La richesse des cépages autorise il est vrai la revendication d’une production singulière. Elle naît de la liberté de création lors de la phase d’assemblage.

« Nous avons une grande diversité de profils de vins. Nous pouvons aller sur des vins croquants, des vins copains, mais aussi des vins plus structurés » déclare à ce titre Fabien Tarascon.

Même discours chez Emmanuelle Piovesan, vigneronne elle aussi : « Il y a une trame au Marmandais, mais qui est en fait très diverse. On va trouver des choses très différentes chez les mêmes producteurs, entre les cuvées, ou d’un vigneron à l’autre. Je pense que c’est presque à l’infini au niveau de ce que l’on peut faire. »

Des critiques plutôt flatteuses

En rouge, les vins affichent une robe intense et profonde. « En bouche, c’est un vin à l’attaque franche, à la matière dense et à la structure fine, une belle rondeur qui enveloppe le tout, pas de lourdeur, car l’acidité et de très grande qualité. Les tanins sont fermes, fins, mais sont là pour donner au vin une tenue et pour le maintenir dans le temps, car c’est un vin qui est prédisposé à la garde » indique le site Guide Vigne-Vin.

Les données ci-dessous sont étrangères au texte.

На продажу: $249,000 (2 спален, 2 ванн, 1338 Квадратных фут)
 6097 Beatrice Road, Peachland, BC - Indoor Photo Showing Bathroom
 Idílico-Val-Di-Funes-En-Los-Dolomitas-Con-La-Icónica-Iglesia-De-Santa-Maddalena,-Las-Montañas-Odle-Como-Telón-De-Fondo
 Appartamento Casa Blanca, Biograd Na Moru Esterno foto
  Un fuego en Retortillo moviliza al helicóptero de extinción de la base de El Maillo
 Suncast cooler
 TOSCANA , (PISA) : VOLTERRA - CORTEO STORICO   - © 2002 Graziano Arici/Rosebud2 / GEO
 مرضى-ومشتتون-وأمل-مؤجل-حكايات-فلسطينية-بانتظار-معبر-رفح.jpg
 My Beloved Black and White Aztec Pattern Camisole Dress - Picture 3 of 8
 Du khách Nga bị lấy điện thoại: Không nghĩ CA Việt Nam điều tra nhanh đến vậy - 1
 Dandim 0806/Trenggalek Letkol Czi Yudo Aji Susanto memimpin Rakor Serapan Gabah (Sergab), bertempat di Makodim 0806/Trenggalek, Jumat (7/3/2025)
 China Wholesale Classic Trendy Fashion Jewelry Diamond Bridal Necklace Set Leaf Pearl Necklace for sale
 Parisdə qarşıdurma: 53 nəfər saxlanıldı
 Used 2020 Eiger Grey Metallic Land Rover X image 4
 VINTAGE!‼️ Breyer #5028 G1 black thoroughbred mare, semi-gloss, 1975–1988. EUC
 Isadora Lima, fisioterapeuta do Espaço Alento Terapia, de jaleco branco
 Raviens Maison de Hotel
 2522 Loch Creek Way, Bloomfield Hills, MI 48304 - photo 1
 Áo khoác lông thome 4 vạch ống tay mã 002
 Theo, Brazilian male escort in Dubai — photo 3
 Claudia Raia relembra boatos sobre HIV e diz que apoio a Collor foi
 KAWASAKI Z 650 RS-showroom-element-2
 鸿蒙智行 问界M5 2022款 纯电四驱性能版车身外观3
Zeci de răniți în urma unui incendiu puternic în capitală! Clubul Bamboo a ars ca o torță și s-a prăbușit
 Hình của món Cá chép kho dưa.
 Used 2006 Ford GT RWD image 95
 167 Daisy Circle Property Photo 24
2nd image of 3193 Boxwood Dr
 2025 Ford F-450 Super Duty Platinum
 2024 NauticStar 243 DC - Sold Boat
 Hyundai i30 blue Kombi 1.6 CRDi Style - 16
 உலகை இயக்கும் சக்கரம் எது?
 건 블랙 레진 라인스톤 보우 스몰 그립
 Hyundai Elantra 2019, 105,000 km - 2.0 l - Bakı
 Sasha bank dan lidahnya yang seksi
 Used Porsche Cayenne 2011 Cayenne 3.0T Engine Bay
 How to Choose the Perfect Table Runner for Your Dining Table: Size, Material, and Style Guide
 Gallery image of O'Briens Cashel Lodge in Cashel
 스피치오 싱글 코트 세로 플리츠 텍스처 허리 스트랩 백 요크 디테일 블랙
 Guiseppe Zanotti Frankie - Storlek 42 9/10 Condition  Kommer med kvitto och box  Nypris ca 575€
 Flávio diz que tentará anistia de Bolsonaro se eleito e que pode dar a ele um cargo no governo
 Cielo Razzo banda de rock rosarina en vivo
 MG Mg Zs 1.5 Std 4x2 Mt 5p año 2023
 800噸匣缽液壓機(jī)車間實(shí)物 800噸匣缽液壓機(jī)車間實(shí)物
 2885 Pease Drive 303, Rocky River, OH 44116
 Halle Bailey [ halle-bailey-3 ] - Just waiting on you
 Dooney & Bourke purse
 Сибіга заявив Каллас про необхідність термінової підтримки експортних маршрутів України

Pour le Guide Hachette des Vins, « la matière est ronde, ample, sans excès, avec une sensation tannique bien équilibrée. »

Le rosé laisse pour sa part exprimer des notes de fruits rouges et impose des tannins dotés d’une vraie personnalité.

Le blanc profite des arômes propres au sauvignon, avec des notes d’agrumes, de pamplemousse ou encore de tilleul. À l’instar du rouge et du rosé, l’attaque en bouche se veut plutôt costaude, mais toute en rondeur.

Enfin, le dernier argument en faveur des Côtes du Marmandais est peut-être celui de leur prix. Une invitation supplémentaire à les découvrir et, sans nul doute, à les apprécier.